Work task =>
Repeat the listing below in full and exactly. Pictures are to be omitted.
[[ Data shown, beginning ]]
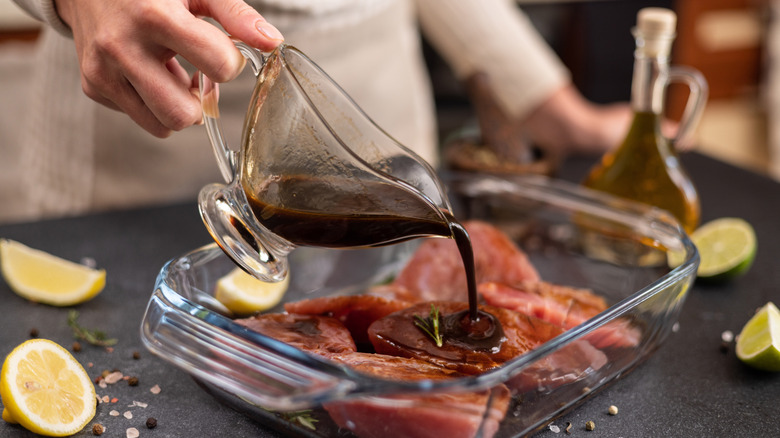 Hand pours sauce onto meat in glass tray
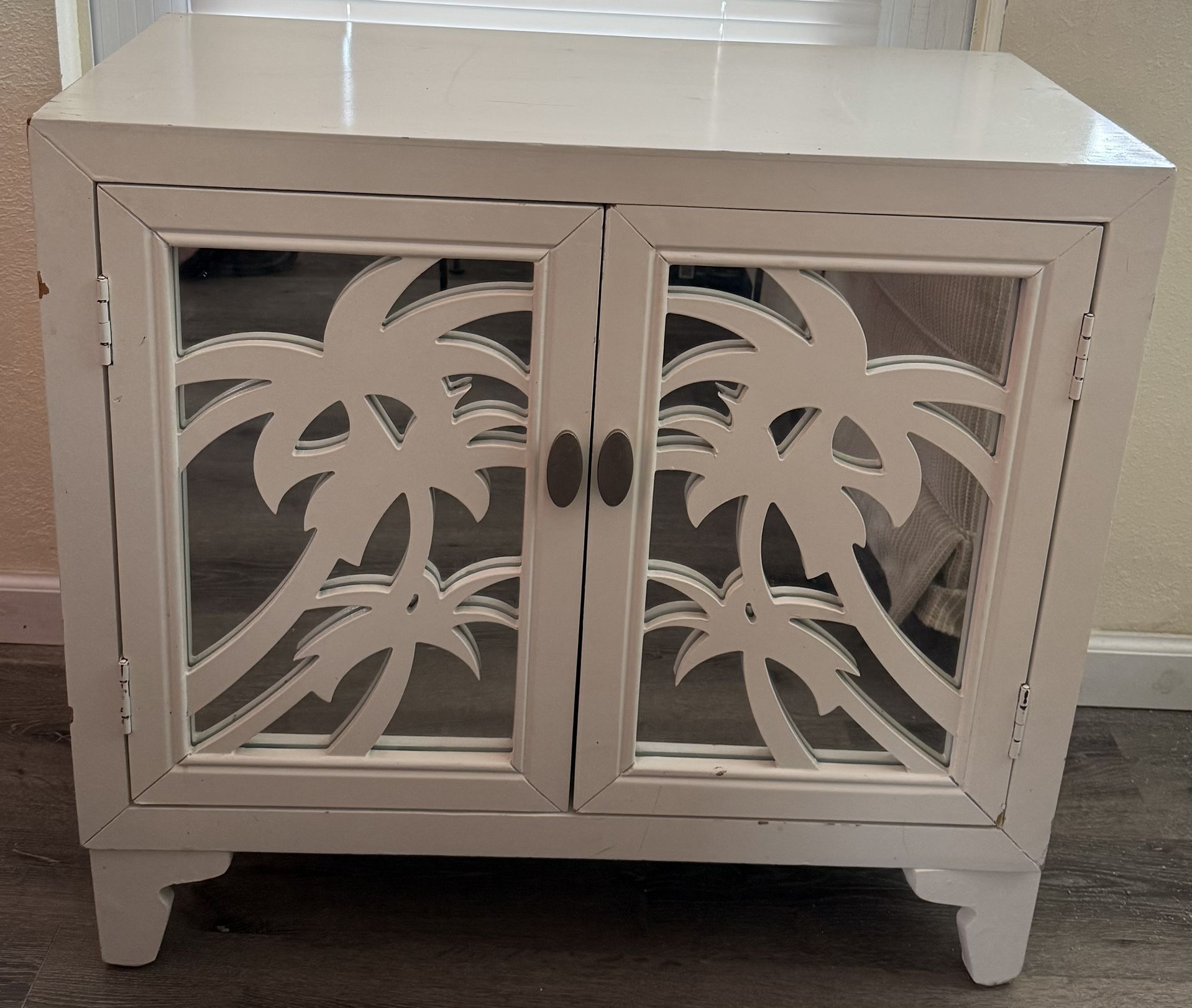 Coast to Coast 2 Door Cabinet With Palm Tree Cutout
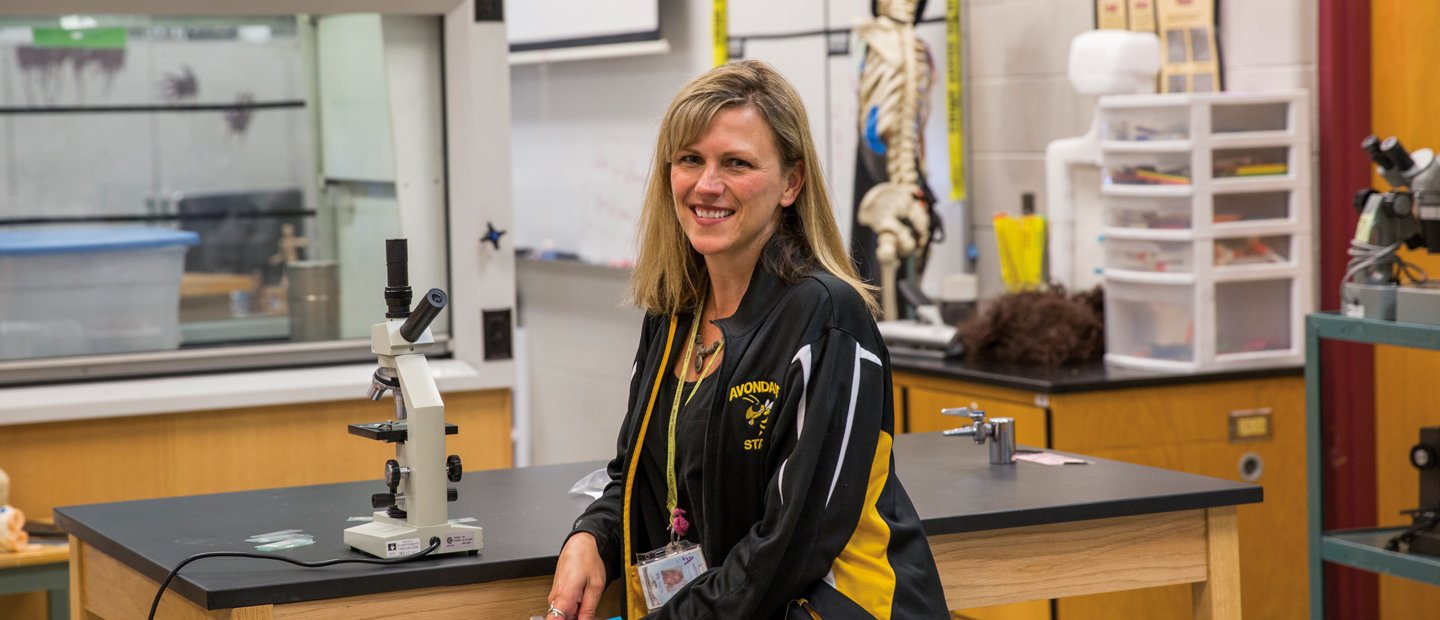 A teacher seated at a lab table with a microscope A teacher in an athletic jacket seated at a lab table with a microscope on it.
[[ Data shown, end ]]
Response to this exercise =>
 Hand pours sauce onto meat in glass tray
 Coast to Coast 2 Door Cabinet With Palm Tree Cutout
 A teacher seated at a lab table with a microscope A teacher in an athletic jacket seated at a lab table with a microscope on it.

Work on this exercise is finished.